Mais quelle est donc, au juste, la fonction de la rate ?
C’est (et le parallèle n’est pas neutre) un organe redouté par les chirurgiens pour sa fragilité. Que la rate soit endommagée, ce qui est chose facile car elle n’est qu’une éponge gorgée de sang entourée d’une fine capsule (comme notre pratique par sa déontologie ?), et vous risquez, en cas de fissure consécutive à un choc, si le diagnostic n’est pas très rapidement établi, de mourir d’une hémorragie interne incontrôlable…Mais la rate n’étant pas un organe vital, on peut, en pareil cas, la retirer comme superflue (comme le notaire indélicat diagnostiqué lors d’une inspection !) et sauver l’essentiel : la vie du patient.

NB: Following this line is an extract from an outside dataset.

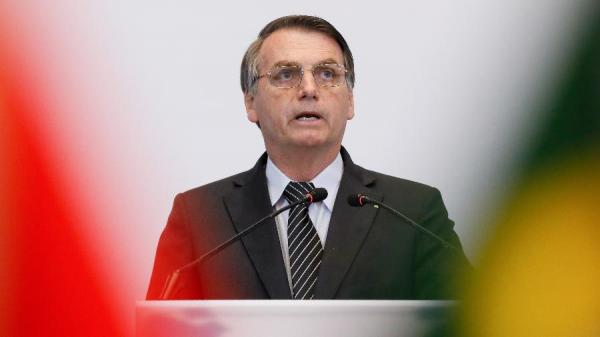 Covid-19: resultado de teste em Bolsonaro deve sair nas próximas horas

Mais c’est également un organe nécessaire, qui stocke, tel un silo plus de 35 % des plaquettes nécessaires à la coagulation du sang, et surtout, des millions de combattants prêts à bondir en cas d’invasion de microbes pathogènes, véritables “gardes du corps”…Et si la rate “se dilate” parfois (passant de 300g à 1,5 kilos environ), comme dit la chanson, elle peut se contracter pour propulser dans le système sanguin ces renforts puissants.
Comme les politiques pour le notariat, certains scientifiques (faut-il préciser qu’il s’agissait d’Allemands, et que les bénéficiaires de cette “avancée” étaient des membres de l’équipe Olympique de course de fond pour les J.O. de 1936 ?) eurent l’idée de supprimer la rate, qui constituait, selon eux, un “frein” aux performances potentielles de chacun (elle “ralentirait” le flux sanguin lors de l’effort, en en stockant une partie, et on suspectait qu’elle puisse aussi générer le fameux “point de côté”). Ils donnèrent surtout naissance à une expression bien connue : “courir comme des dératés”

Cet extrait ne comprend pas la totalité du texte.